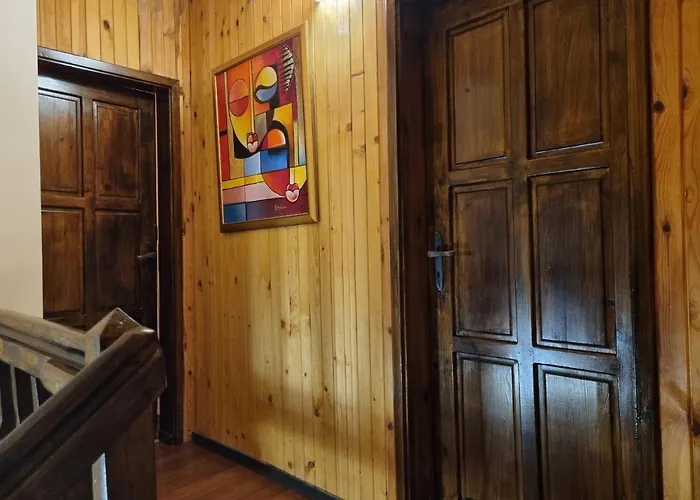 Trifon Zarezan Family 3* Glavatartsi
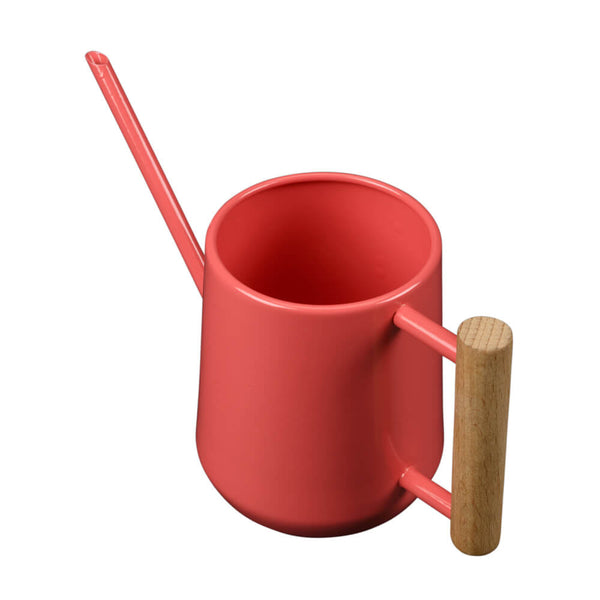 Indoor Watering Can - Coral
--*--
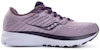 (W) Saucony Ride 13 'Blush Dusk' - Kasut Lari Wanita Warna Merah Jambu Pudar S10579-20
--*--
- [Work item] Leaving every picture aside, reproduce exactly the lines above from the one with "Trifon Zarezan Family 3* Glavatartsi" up to and including the one with "Indoor Watering Can - Coral", and no others.

- [Solved exercise]
 Trifon Zarezan Family 3* Glavatartsi
 Indoor Watering Can - Coral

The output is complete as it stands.